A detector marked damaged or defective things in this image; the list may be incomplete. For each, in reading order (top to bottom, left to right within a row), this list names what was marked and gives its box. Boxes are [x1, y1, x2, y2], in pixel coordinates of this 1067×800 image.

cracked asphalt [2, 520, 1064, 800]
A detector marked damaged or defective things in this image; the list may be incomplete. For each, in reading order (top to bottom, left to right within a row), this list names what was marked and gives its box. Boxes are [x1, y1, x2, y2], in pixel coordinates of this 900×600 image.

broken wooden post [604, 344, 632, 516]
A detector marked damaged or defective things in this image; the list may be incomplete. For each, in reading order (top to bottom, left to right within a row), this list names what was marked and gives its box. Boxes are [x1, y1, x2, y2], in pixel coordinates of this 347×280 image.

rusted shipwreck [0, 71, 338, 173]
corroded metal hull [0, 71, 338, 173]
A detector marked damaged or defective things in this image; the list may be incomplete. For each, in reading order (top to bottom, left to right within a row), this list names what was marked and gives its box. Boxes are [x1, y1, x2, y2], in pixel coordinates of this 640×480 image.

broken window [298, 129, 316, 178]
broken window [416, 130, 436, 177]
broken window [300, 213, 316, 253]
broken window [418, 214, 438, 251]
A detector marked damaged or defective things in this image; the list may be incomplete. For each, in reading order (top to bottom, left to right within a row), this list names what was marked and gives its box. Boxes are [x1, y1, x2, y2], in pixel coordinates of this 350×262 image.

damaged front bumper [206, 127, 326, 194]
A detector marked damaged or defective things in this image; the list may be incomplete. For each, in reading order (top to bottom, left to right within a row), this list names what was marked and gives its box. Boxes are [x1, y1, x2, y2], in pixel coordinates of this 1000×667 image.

──────────

Quote only the lines from the one containing "this 900×600 image." through the final line of the records, with both ends included.

(Solution for this exercise):
A detector marked damaged or defective things in this image; the list may be incomplete. For each, in reading order (top to bottom, left to right within a row), this list names what was marked and gives its box. Boxes are [x1, y1, x2, y2], in pixel coordinates of this 900×600 image.

broken wooden post [604, 344, 632, 516]
A detector marked damaged or defective things in this image; the list may be incomplete. For each, in reading order (top to bottom, left to right within a row), this list names what was marked and gives its box. Boxes are [x1, y1, x2, y2], in pixel coordinates of this 347×280 image.

rusted shipwreck [0, 71, 338, 173]
corroded metal hull [0, 71, 338, 173]
A detector marked damaged or defective things in this image; the list may be incomplete. For each, in reading order (top to bottom, left to right within a row), this list names what was marked and gives its box. Boxes are [x1, y1, x2, y2], in pixel coordinates of this 640×480 image.

broken window [298, 129, 316, 178]
broken window [416, 130, 436, 177]
broken window [300, 213, 316, 253]
broken window [418, 214, 438, 251]
A detector marked damaged or defective things in this image; the list may be incomplete. For each, in reading order (top to bottom, left to right within a row), this list names what was marked and gives its box. Boxes are [x1, y1, x2, y2], in pixel coordinates of this 350×262 image.

damaged front bumper [206, 127, 326, 194]
A detector marked damaged or defective things in this image; the list may be incomplete. For each, in reading order (top to bottom, left to right within a row), this list names what was marked and gives its box. Boxes are [x1, y1, x2, y2], in pixel coordinates of this 1000×667 image.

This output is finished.